Aim of the exercise →
Leaving the pictures aside, reproduce the data in full and word for word.
---- Working data
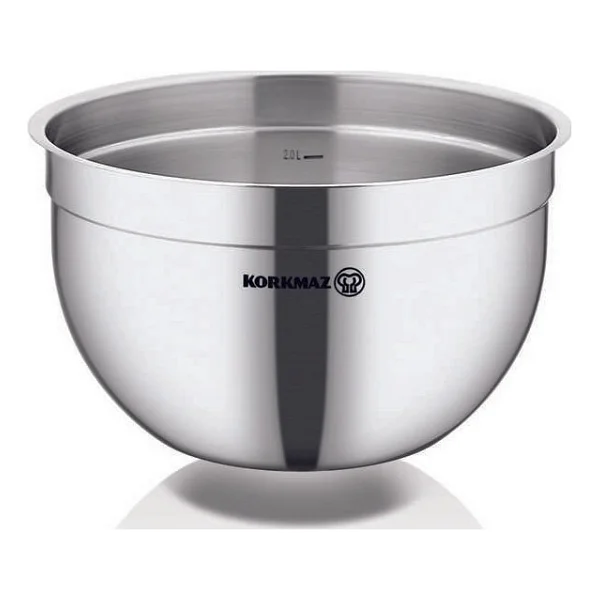 Korkmaz A2776 Proline Gastro 20 Cm Karıştırma Kabı - Görsel 3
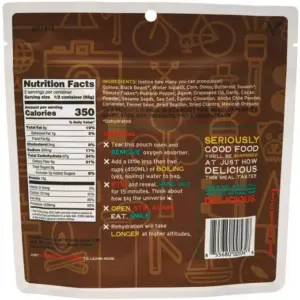 Good To-Go Chicken Gumbo Single Serve Meal - Dehydrated Camping Food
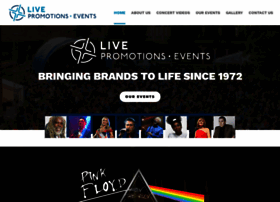 livepromotions.co.uk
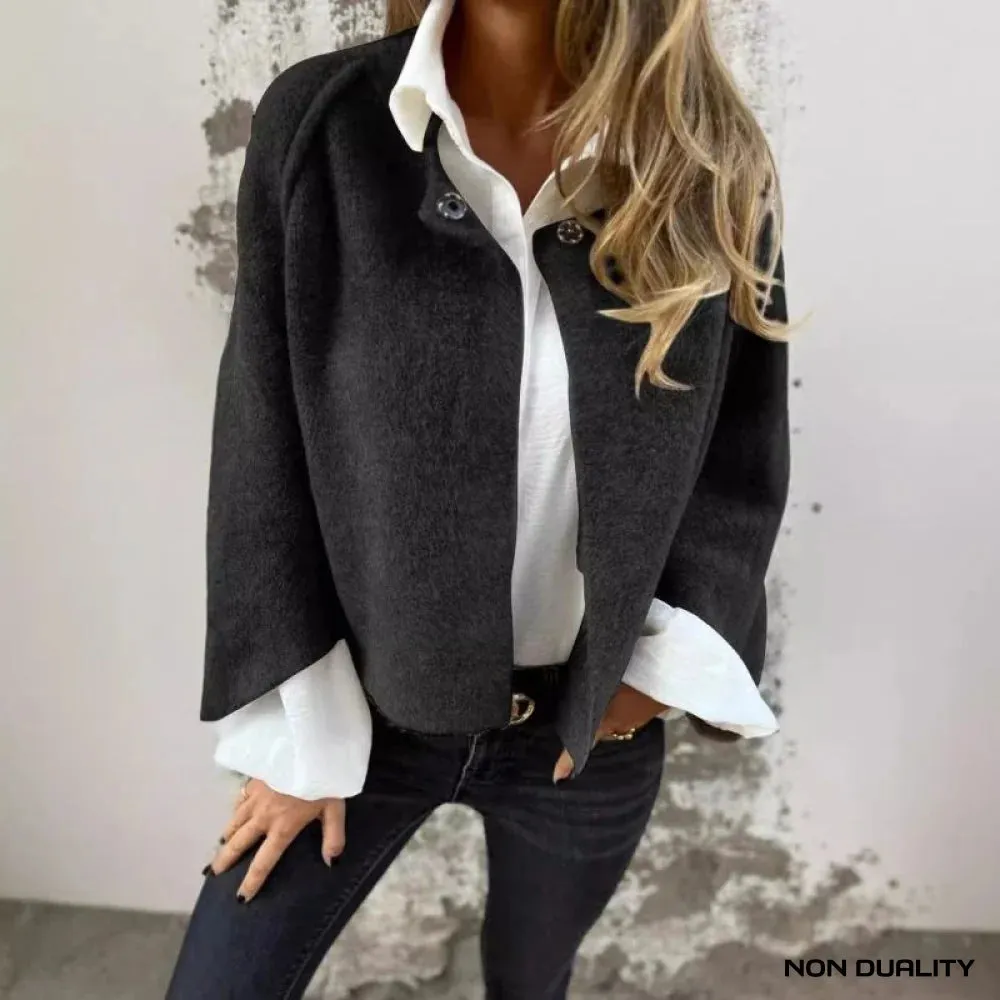 Non Duality | Classic Cropped Wool Jacket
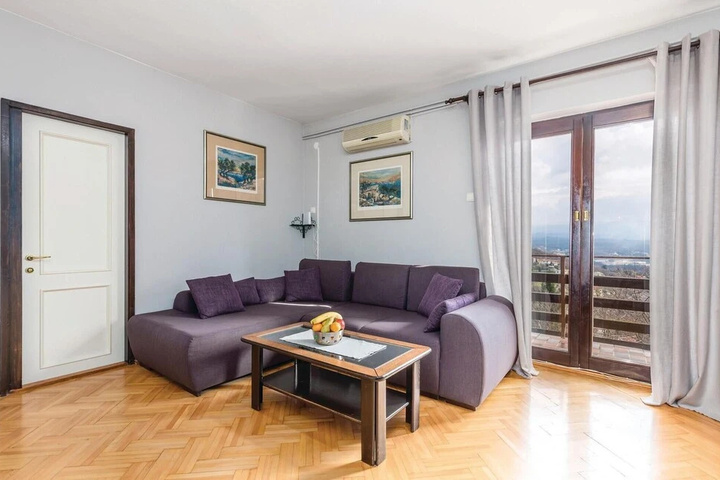 Stunning Home in Rukavac With Wifi Outdoor Swimming Pool and 2 Bedrooms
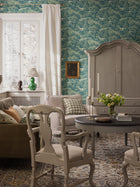 Alnarp Green Herrgård Wallpaper by Boråstapeter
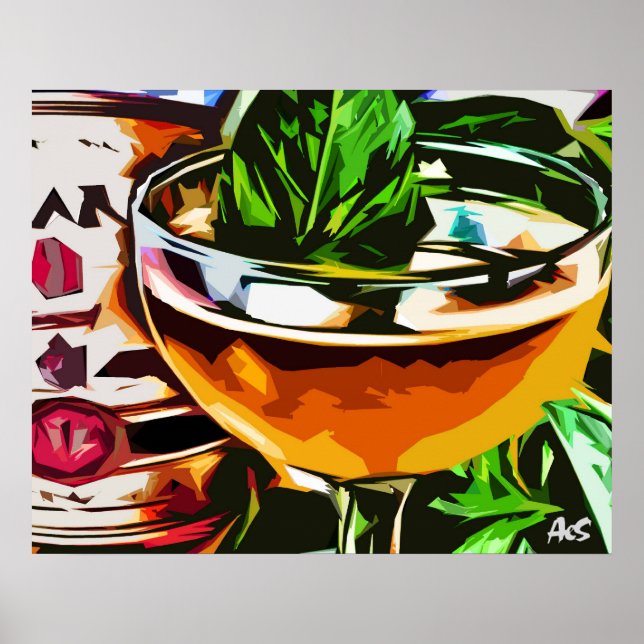 MOJITO POSTER (Framsidan)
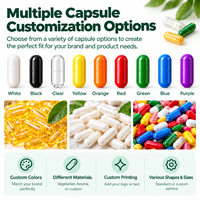 Capsules d'extrait de Moringa à prix d'usine pour reconstituer l'énergie et les articulations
--------
Response for this exercise →
 Korkmaz A2776 Proline Gastro 20 Cm Karıştırma Kabı - Görsel 3
 Good To-Go Chicken Gumbo Single Serve Meal - Dehydrated Camping Food
 livepromotions.co.uk
 Non Duality | Classic Cropped Wool Jacket
 Stunning Home in Rukavac With Wifi Outdoor Swimming Pool and 2 Bedrooms
 Alnarp Green Herrgård Wallpaper by Boråstapeter
 MOJITO POSTER (Framsidan)
 Capsules d'extrait de Moringa à prix d'usine pour reconstituer l'énergie et les articulations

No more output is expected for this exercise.